◆ What is needed
Say how many lines below have "background" in them, giving the number alone.
☆ ☆ ☆
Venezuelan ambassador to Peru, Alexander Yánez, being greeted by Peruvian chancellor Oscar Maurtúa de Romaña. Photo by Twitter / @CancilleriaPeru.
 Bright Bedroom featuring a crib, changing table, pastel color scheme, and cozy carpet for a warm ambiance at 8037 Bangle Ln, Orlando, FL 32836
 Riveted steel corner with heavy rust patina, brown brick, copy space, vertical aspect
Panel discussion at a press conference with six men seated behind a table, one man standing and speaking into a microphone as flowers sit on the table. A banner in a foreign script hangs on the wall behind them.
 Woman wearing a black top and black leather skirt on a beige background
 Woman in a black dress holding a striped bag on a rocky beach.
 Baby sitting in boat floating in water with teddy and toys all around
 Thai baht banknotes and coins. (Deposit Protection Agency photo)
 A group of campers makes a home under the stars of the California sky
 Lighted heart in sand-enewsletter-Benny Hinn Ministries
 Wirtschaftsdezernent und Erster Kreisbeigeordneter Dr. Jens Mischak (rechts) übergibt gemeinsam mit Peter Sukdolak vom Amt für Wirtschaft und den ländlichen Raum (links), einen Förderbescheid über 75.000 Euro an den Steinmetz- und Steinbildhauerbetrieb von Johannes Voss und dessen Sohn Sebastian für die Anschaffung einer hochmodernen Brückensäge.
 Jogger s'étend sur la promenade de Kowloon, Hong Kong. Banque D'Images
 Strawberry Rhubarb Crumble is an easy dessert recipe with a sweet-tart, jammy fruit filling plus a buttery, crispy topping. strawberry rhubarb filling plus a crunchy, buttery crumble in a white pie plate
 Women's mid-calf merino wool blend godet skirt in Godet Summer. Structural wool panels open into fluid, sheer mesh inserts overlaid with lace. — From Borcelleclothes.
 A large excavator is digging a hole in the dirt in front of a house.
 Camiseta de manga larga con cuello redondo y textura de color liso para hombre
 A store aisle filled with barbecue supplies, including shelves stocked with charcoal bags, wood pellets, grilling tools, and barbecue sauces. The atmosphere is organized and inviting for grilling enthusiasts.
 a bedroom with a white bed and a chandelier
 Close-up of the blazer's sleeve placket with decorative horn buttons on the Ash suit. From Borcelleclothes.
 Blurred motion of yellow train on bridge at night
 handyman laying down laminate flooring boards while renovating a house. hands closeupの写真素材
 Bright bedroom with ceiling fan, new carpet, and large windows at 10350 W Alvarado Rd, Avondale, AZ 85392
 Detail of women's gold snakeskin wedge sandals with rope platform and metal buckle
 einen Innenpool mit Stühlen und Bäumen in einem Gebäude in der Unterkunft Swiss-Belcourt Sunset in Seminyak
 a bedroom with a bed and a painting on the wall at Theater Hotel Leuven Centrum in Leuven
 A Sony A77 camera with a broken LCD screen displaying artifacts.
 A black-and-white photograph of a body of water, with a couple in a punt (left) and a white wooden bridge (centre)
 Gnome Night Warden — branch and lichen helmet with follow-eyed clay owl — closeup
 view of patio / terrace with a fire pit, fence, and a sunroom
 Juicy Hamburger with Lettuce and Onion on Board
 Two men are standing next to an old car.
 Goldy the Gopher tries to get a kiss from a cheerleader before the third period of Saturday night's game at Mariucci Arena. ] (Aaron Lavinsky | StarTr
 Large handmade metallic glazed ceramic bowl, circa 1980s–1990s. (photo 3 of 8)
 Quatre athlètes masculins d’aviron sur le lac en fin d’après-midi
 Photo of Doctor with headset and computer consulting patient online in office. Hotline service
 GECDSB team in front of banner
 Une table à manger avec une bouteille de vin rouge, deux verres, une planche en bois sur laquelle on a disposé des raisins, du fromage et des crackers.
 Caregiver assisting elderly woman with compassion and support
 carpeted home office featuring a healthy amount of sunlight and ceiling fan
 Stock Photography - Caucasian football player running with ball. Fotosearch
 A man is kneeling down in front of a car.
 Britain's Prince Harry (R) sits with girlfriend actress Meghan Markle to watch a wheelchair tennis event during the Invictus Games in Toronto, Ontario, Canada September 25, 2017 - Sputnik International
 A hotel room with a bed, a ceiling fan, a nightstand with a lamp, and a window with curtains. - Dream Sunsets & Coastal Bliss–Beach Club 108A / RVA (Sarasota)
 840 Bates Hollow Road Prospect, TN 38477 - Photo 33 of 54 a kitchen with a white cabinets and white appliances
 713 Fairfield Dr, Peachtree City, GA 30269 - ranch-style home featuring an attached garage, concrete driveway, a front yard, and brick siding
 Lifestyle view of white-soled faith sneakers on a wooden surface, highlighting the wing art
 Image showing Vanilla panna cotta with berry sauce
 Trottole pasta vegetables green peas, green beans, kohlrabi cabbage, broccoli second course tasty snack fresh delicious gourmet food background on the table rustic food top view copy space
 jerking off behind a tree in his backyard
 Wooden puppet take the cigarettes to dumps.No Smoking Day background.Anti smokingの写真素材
☆ ☆ ☆
◆ Task result
3